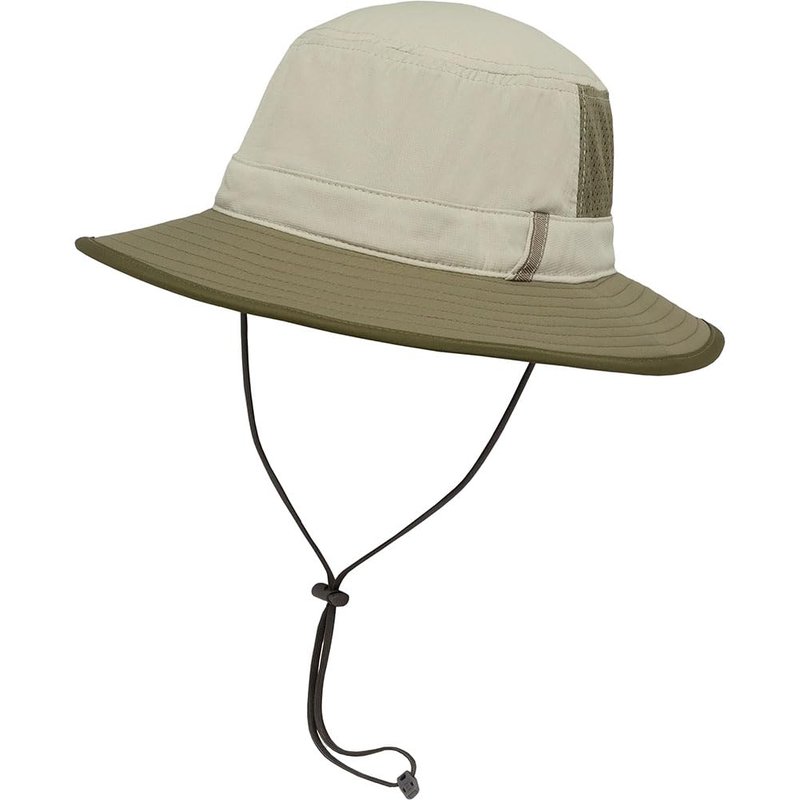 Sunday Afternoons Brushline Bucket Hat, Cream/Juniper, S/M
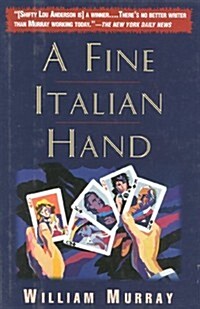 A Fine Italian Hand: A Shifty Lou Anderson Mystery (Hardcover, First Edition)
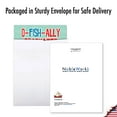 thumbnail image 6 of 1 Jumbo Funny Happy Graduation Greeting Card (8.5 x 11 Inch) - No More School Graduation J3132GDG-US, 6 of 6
...
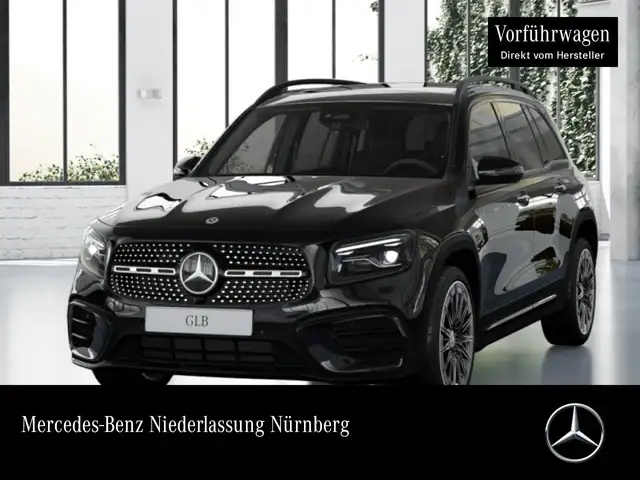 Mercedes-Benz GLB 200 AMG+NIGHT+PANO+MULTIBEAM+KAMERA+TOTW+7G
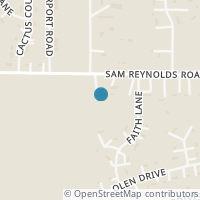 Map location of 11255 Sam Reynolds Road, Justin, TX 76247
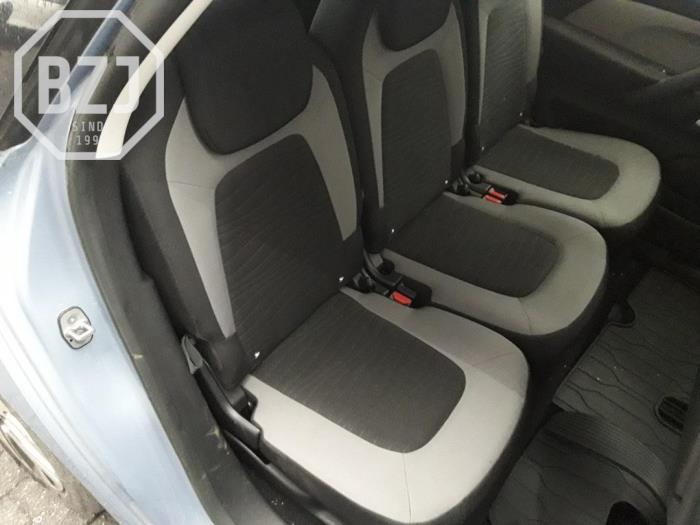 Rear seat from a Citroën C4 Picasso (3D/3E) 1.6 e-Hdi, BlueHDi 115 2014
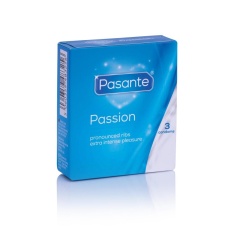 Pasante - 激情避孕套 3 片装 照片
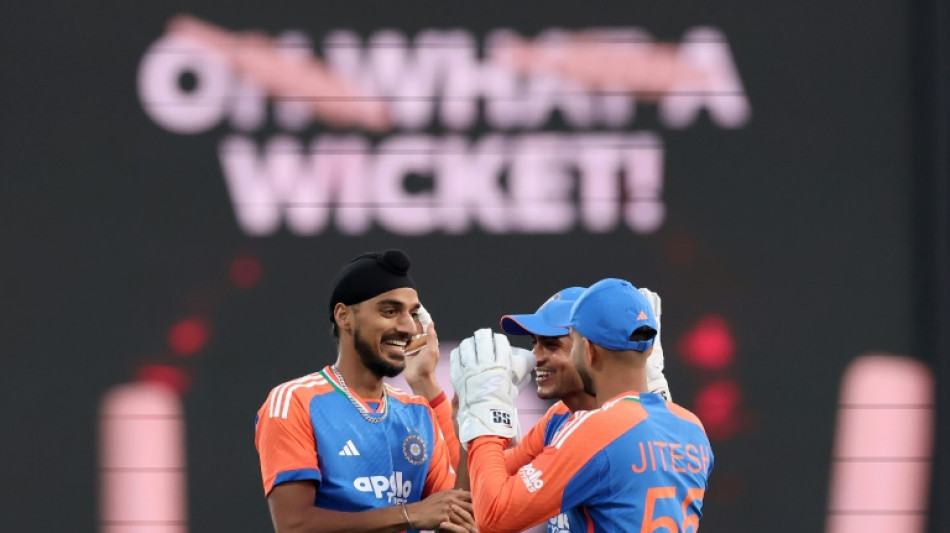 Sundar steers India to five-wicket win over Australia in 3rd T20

> **What is expected**
Write out again exactly the lines above from the one with "A Fine Italian" through the one with "thumbnail image 6", adding no other lines and no pictures.

> **Answer space**
 A Fine Italian Hand: A Shifty Lou Anderson Mystery (Hardcover, First Edition)
 thumbnail image 6 of 1 Jumbo Funny Happy Graduation Greeting Card (8.5 x 11 Inch) - No More School Graduation J3132GDG-US, 6 of 6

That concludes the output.